● **MATERIAL FOR THIS EXERCISE**
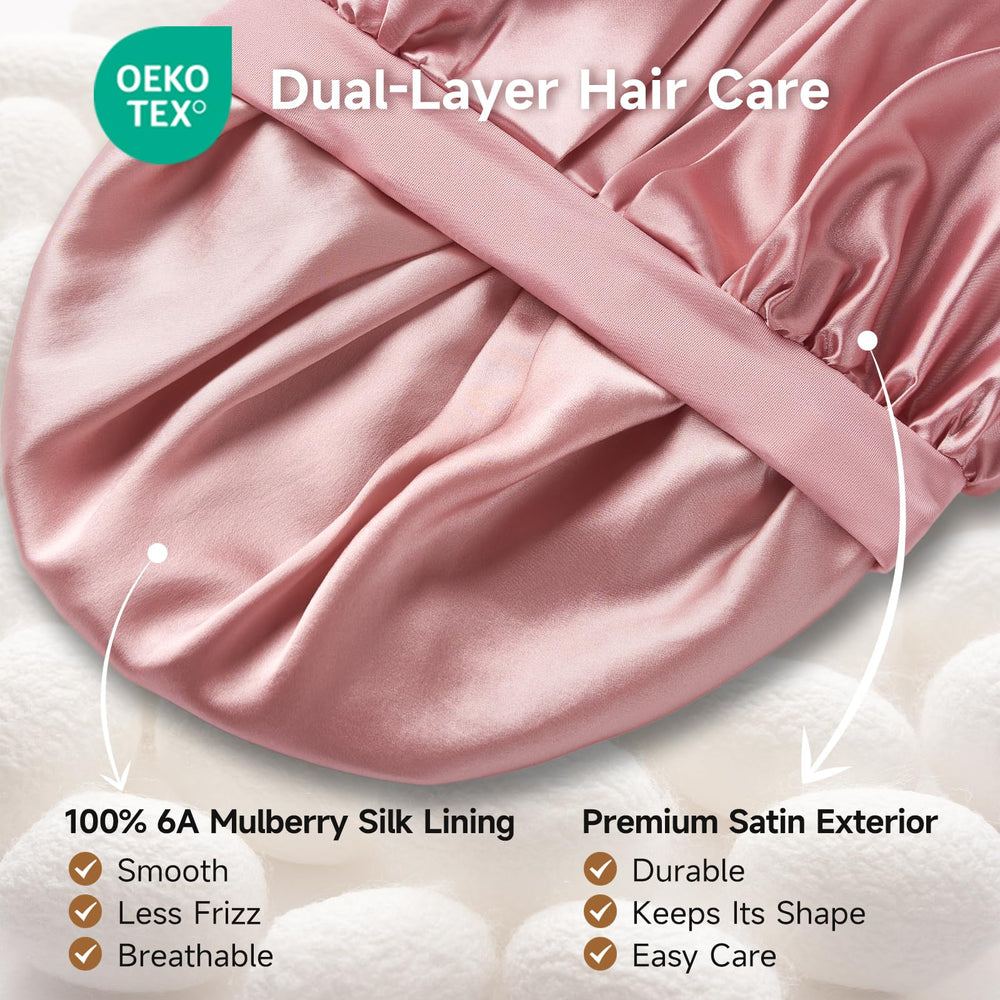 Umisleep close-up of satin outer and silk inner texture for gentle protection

* * *

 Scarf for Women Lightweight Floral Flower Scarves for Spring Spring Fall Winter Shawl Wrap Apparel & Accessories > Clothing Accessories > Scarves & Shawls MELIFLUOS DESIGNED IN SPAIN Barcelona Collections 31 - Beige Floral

* * *

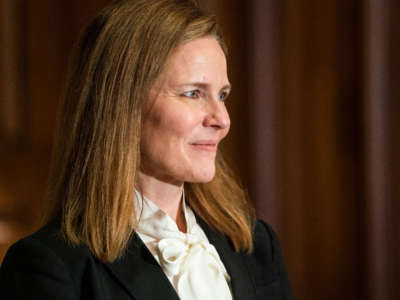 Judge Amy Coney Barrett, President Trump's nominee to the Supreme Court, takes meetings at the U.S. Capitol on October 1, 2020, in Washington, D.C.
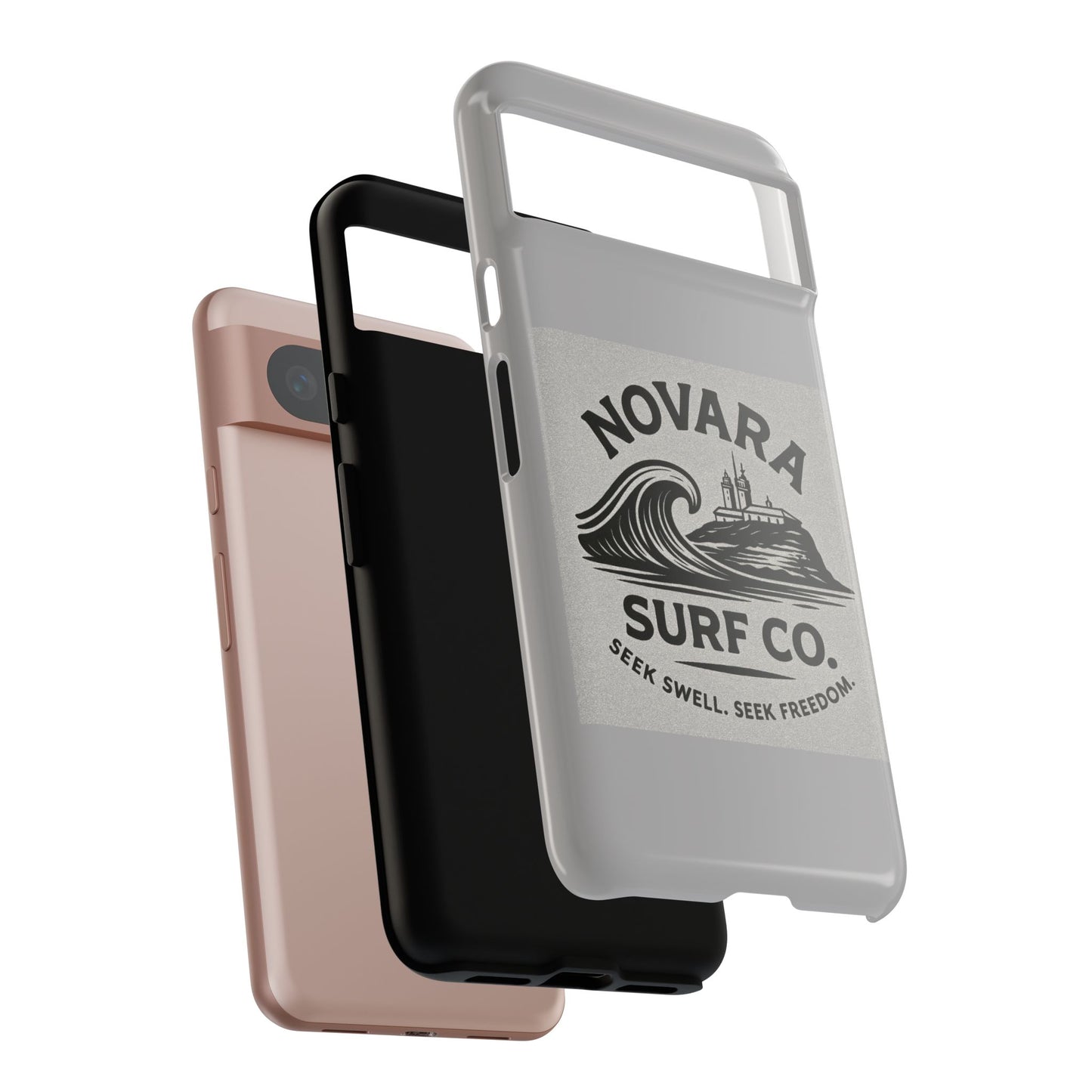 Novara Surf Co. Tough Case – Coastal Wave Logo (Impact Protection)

● **WHAT THE TASK REQUIRES**
Would you output only the span of the records above that opens with the line containing "Judge Amy Coney" and closes with the line containing "Novara Surf Co.", ends included and pictures dropped?

● **WORKED SOLUTION**
 Judge Amy Coney Barrett, President Trump's nominee to the Supreme Court, takes meetings at the U.S. Capitol on October 1, 2020, in Washington, D.C.
 Novara Surf Co. Tough Case – Coastal Wave Logo (Impact Protection)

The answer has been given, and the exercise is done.